For years, legislators have allowed presidents to push the limits of executive power, bypassing Congress on issues ranging from warrantless wiretaps to health care subsidies. Lawmakers, constantly battling each other, have failed to defend what should be their exclusive power to make the nation's laws. Unexpectedly, Trump has just handed them a chance to reclaim lost ground.
Barack Obama's DACA policy was a classic example of achieving an excellent end through terrible means. It offered to protect 1 million or so young people from deportation and allow them to work legally, so long as they stayed out of trouble, finished school, and registered with the government. More than three-fourths of eligible immigrants signed up for DACA status, and by all accounts they have been a productive and law-abiding cohort. Some have been downright heroic.

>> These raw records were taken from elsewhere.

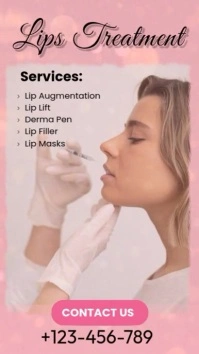 Lip Enhancement & Filler Treatment Flyer – Beauty Clinic Promo Template  Instagram Reel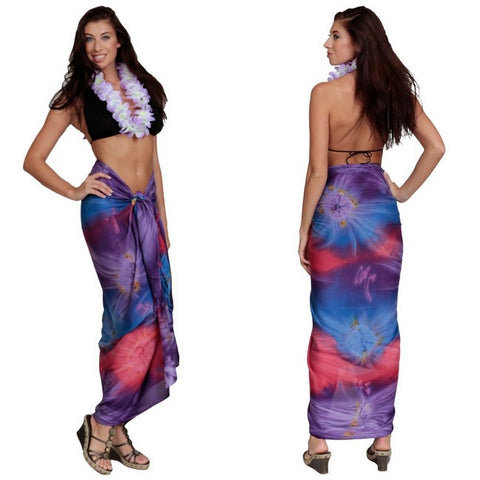 Chakra Tie Dye Sarong (Pink - Red - Purple - Blue) - Isleitudes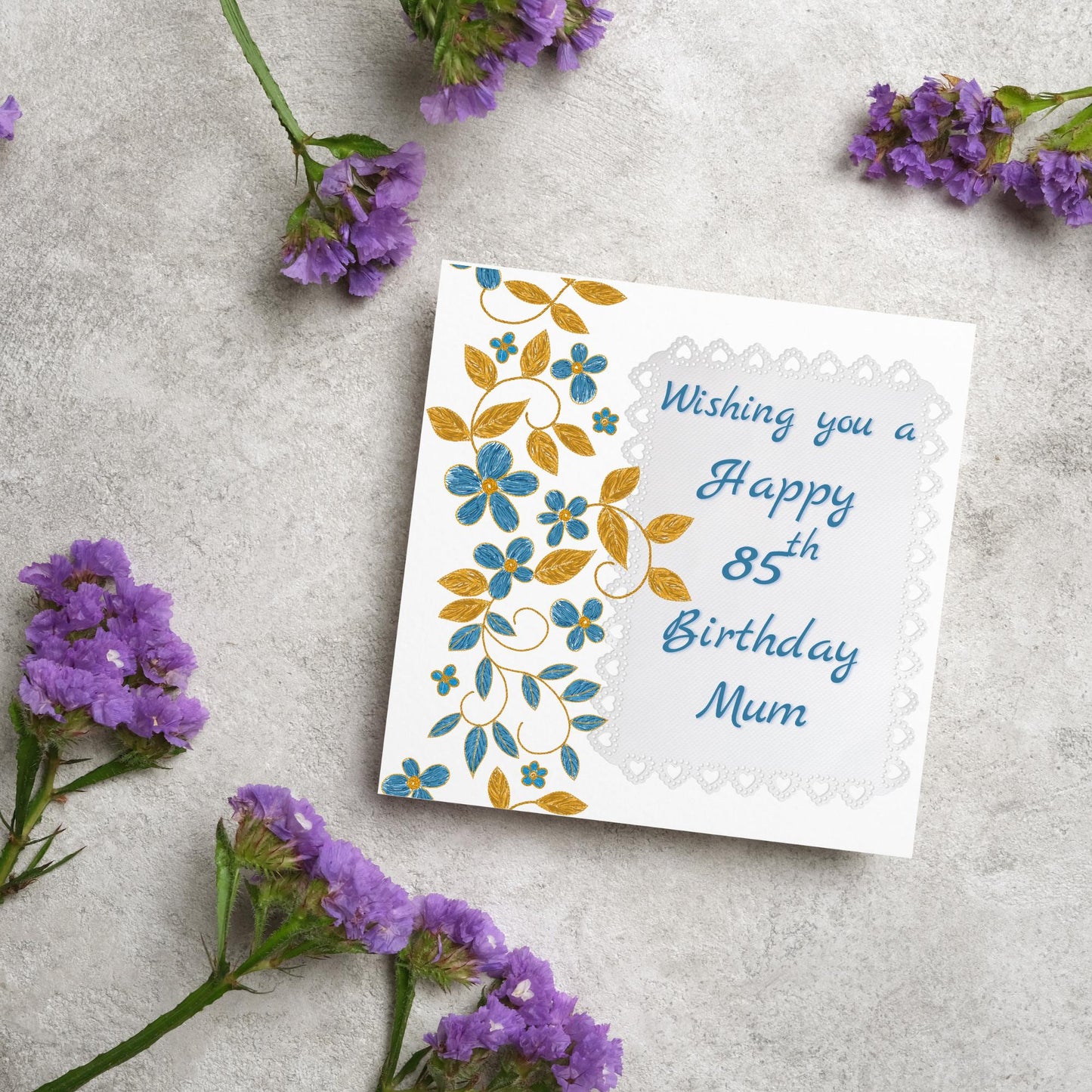 80th Birthday Card, 90th Birthday Card, Floral Birthday Card for Nan, Grandma Card, Personalised Birthday card, Card for Mum, 100th Birthday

The problem with DACA is that it was imposed unilaterally by Obama in 2012. He claimed he had to take "action to change the law" by executive order because Congress had failed to pass a bill (the proposed DREAM Act) that would do so legislatively. At first he insisted that DACA was only a "temporary stopgap measure." But as hundreds of thousands of so-called "Dreamers" signed up, DACA became institutionalized. Two years later, Obama tried to expand it, sheltering not only Dreamers from deportation, but their parents — a population numbering more than 4 million. When a group of states sued to block the expansion, federal courts backed them up. Obama's action was "manifestly contrary" to existing immigration law, ruled the Fifth Circuit Court of Appeals, and presidents cannot make immigration law by fiat.
But DACA itself remained in force, and there is no question that the policy is popular. An overwhelming 76 percent of voters, say DACA enrollees should be allowed to stay legally in the United States; only 15 percent want them deported. Majorities of Democrats (84 percent), independents (74 percent), and Republicans (69 percent) believe Dreamers should able to remain in America as permanent legal residents. Even among self-identified Trump voters, two-thirds think Dreamers should stay.

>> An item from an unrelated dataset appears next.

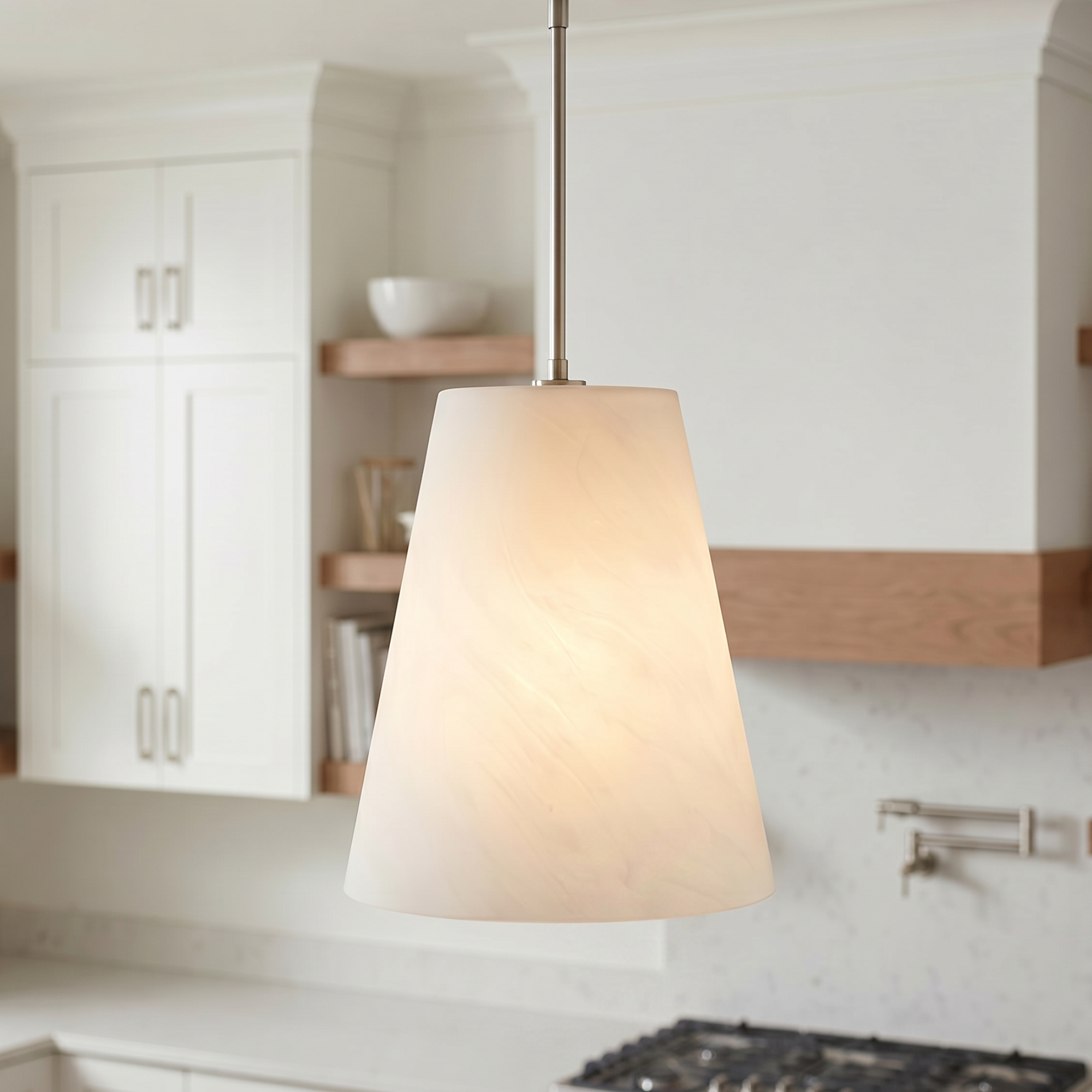 Quoizel Peregrine Pendant závěsné svítidlo brushed nickel alabastrové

Trump himself has repeatedly expressed unwillingness to hurt Dreamers. "I have a love for these people," he said on Tuesday. "Hopefully, now Congress will be able to help them and do it properly."
That's exactly what Congress should do.
Even granting Trump's habit of saying "X" on Monday and "not-X" on Thursday, it seems plain that a clean bill giving Dreamers legal status is one he would relish signing — if only to tout it as an achievement only he could have engineered. "Congress now has 6 months to legalize DACA (something the Obama Administration was unable to do)," Trump tweeted on Tuesday. "If they can't, I will revisit this issue!"
No one should miss the significance of Trump's surprising deference to Congress. Trump used to say he would end DACA the way Obama created it: unilaterally. In his campaign kickoff speech in the Trump Tower lobby two years ago, he vowed that if elected he would "immediately terminate President Obama's illegal executive order on immigration."
But he didn't. He hesitated for months on DACA — and when he finally moved it was because of a looming legal threat: A group of state attorneys general were about to challenge DACA in court. If Trump wanted DACA killed without having to pull the trigger himself, he could have invited that lawsuit and ordered the Justice Department not to oppose it.
Instead he is urging Congress to take the lead and "legalize DACA." To put it differently, Trump is urging the legislative branch to reclaim its proper constitutional authority — to take back a measure of power that Obama usurped.
In modern times, presidents of both parties have routinely overstepped their bounds. Obama arguably went further down that path than any previous president. "Once a presidential candidate with deep misgivings about executive power," The New York Times observed last year, "Obama will leave the White House as one of the most prolific authors of major regulations in presidential history." It took a while for Obama to get over those "misgivings" — after all, he had sharply criticized George W. Bush's reliance on unilateral orders. But once he did, he pursued executive power without apology.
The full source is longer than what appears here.